Пока переваривала мамино признание, думала, мама молчала, изредка вытирала слезы. Я смотрела на изможденное осунувшееся лицо, желтое от лекарств, и мне стало жалко её, я заплакала. Моя любимая мама! Ты водила меня в детский садик, приходила на родительские собрания в школу, я всегда гордилась тобой. Больше ни у кого не было такой красивой и молодой мамы. Ты ведь молода еще. Сорок семь, разве возраст? В доме часто не было денег, ты приносила с базара виноград и мандарины, сама не ела, оставляя мне. Я удивлялась, почему не любишь фрукты.
– Вытри слезы. Зеркальце есть? Тушь не размажь, – прервала она мои мысли. Я встала и принесла сумочку, достала зеркало и платок.
– Моя тушь не мажется. – Я вытирала слезы, а они продолжали литься. Снова села на край маминой кровати, обняла ее и стала целовать.
– Мамочка! Я люблю тебя! Поправляйся, пожалуйста! Я всё прощаю, значит так сложилось, по – другому не могла поступить. Нелегкое было время, я помню.

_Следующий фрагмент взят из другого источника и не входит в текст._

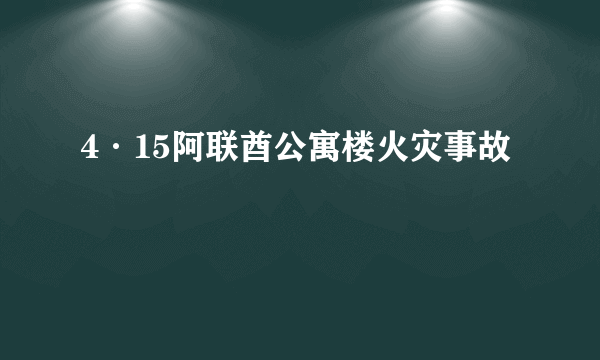 4·15阿联酋公寓楼火灾事故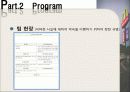 맥도날드 직원대상 리더쉽개발프로그램분석 21페이지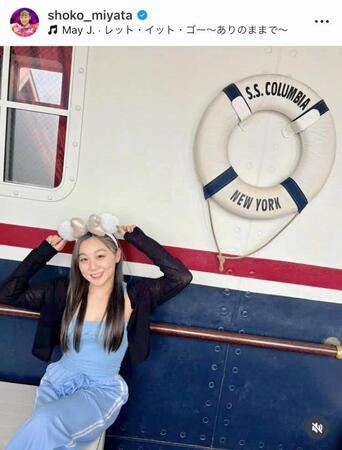 　宮田笙子のインスタグラム＠ｓｈｏｋｏ＿ｍｉｙａｔａから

Снова гримаса боли исказила ее лицо.
– Что ты можешь помнить, девочка моя! Болезнь моя – наказание за грехи. Кара божья за то, что отказалась от своей кровиночки, сестренки твоей. За то, что не остановила, толкнула тебя выйти за Бурлакова. Лучше уж жила бы в бедности, зато с Ваней в любви, – шепотом, проговорила она, повернула голову и затихла.
– Мама! – закричала я.
– Очень устала. Иди, попрошу сестру сделать укол, – едва слышно произнесла она. Я нажала кнопку звонка у изголовья кровати. Секунды спустя, пришла медсестра.
– Лена, вам лучше уйти. Мама начнет засыпать, не надо тревожить. – Медсестра подошла к тумбочке, на которой стояли медицинские приборы, достала из ящичка пакет со шприцем, ампулы, повернула ко мне. – Идите, Лена!
– Иди, Алена, – прошептала мама. – Не надо смотреть.
Я вышла в коридор, постояла, раздумывая, подождать ли, пока выйдет сестра, потом у дежурной по этажу попросила воды, выпила успокоительную таблетку и пошла к машине.